Comme le rappelle Geneviève Fraisse, Laclos prouve que la contradiction entre libertinage et droit des femmes, devenue un marronnier idéologique après la révolution française et encore aujourd’hui, surtout aujourd’hui, ne tient pas. Il concilie le libertinage du roman avec la critique de l’avilissement des femmes dans ce double geste d’écriture. Ce n’est pas un combat de puritain ni une machine égalitaire à briser le désir, que de souhaiter que les femmes mettent fin à un contrat qui les dessert. Non, c’est un horizon démocratique qui se dessine. Geneviève Fraisse le résume ainsi, Choderlos de Laclos, dans ce geste, « indique que le défi à venir est celui de croiser désir et égalité. » Un monde où les uns et les autres se désirent au fond jamais comme des objets mais toujours comme des sujets. Sans hiérarchie des sexes. Et en effet ce monde où érotisme et égalité se tiennent ensemble reste à réinventer.  

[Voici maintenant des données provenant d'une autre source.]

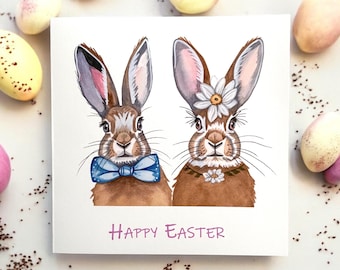 Easter card, Easter bunny card, cute Easter cards, rabbit cards, Easter greetings card, Easter cards for kids, whimsical Easter cards
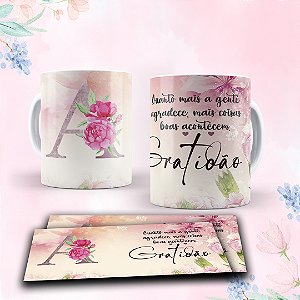 Caneca Cerâmica Branca Personalização Floral Cod 08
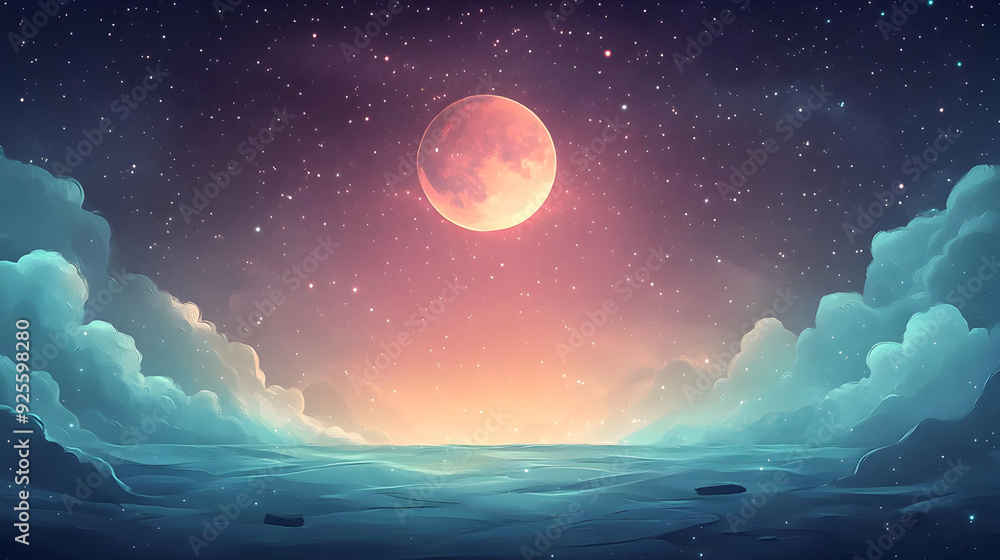 Fototapeta premium A serene digital landscape featuring a large moon over a tranquil sea at twilight.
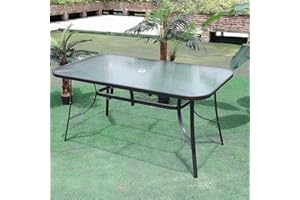 The Fellie Patio Table Outdoor Tempered Glass Top Dining Table Rectangle Coffee Table with Umbrella Hole for Garden, Backyard, Balcony (120 x 80 x 72cm-Rectangle Table, Black)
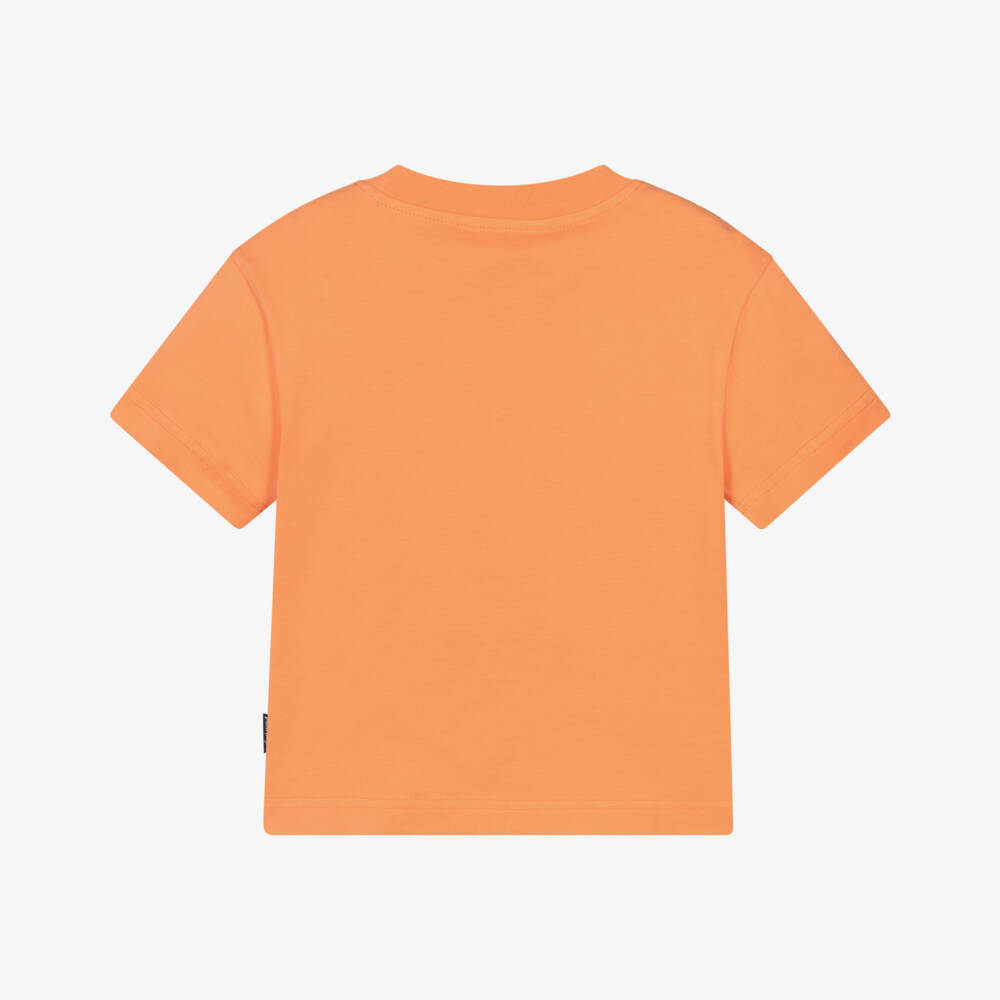 Palm Angels-Boys Orange Cotton T-Shirt with Blurred Palm Tree Logo | Childrensalon Outlet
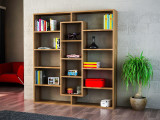 Biblioteca Ample Bookshelf, Alb - Maro, 125x136x22 cm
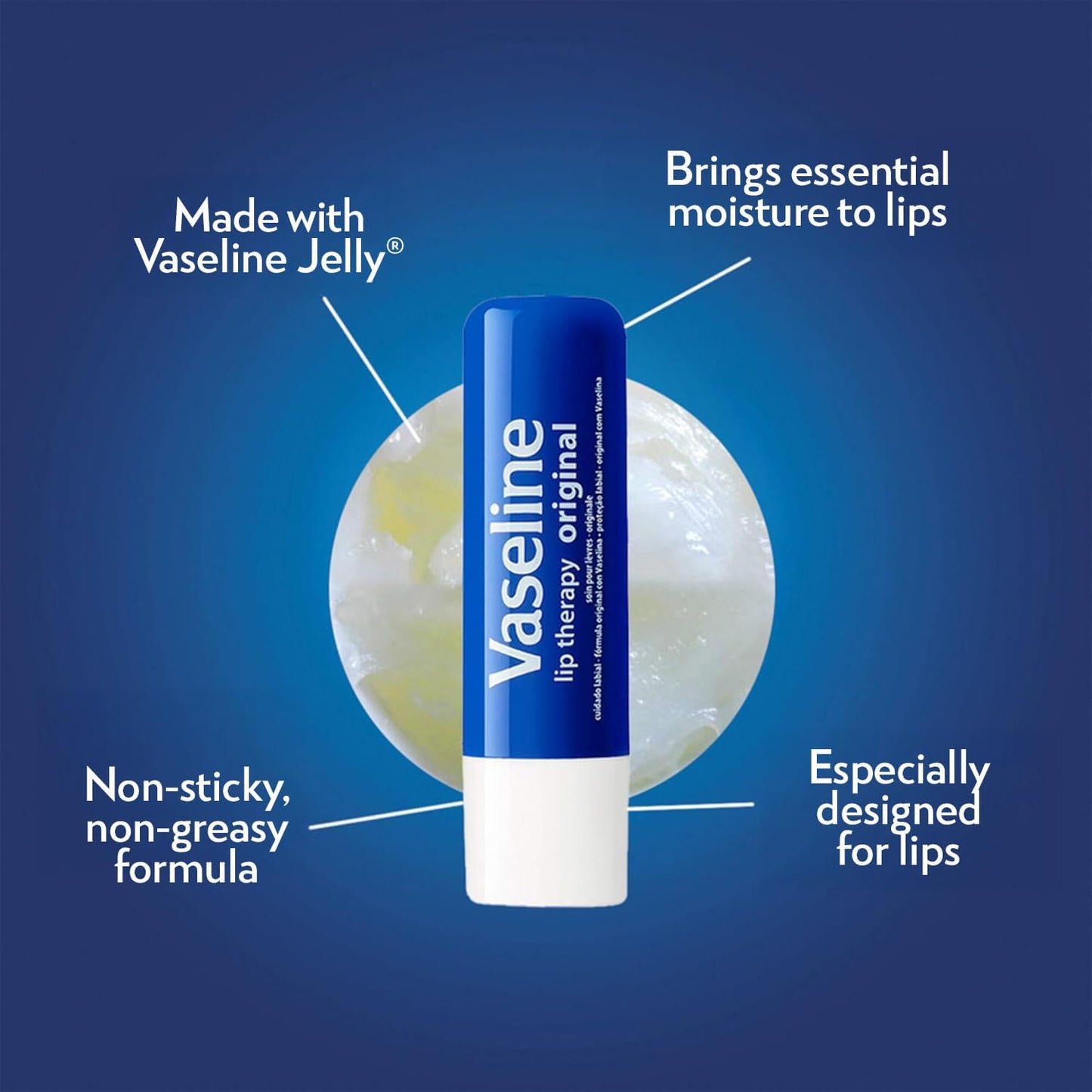 Vaseline Original Healing Jelly 2-Pack – Skin Protectant with 100% White Petrolatum + Original Lip Therapy for Soft, Smooth Lips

Oui mais me direz-vous Laclos n’a pas voulu réécrire les Liaisons Dangereuses… Or cet élan de libération de la parole sur les violences sexistes, « mouvement me too » comme on l’appelle ou « mouvement balance ton porc » est aujourd’hui accusé de décrocher des Balthus, de s’en prendre à Egon Schiele, Bizet, Fragonard, Blow up, La Belle au Bois Dormant. Il fait peur. Oui, si vous me permettez de passer de Laclos à Laetitia Casta et sa tribune dans le Monde, elle dit « je suis inquiète des demandes de retrait de tableaux de musée ou de la réécriture d’opéras ou d’œuvres littéraires et je suis inquiète de la violence des mots utilisés. Ai-je le droit de dire cela sans avoir peur ? ». Mais de quoi parle-t-on ? Il ne s’agit pas d’un « mouvement » mais d’un « moment ». Oprah Winfrey aux Etats-Unis l’affirme « nous avons tous vécu dans un monde brisé par des hommes puissants et brutaux […] Mais leur temps est révolu ». Elle parle bien de temps. Un moment où se tiennent ensemble des excès, des débats sur l’art et la morale, des mobilisation spectaculaires, des récits littéralement inouïs parce qu’on osait pas les formuler, des affirmations d’un droit égal à vivre sans être une proie, un droit égal à vivre sa sexualité sans souffrir du puritanisme justement... Tout ensemble, parce que le chemin pour croiser égalité et désir est long. Et que pour l’instant nous nous tenons dans un temps du paradoxe d’où peut sortir une vérité. Il est un peu tôt pour avoir peur.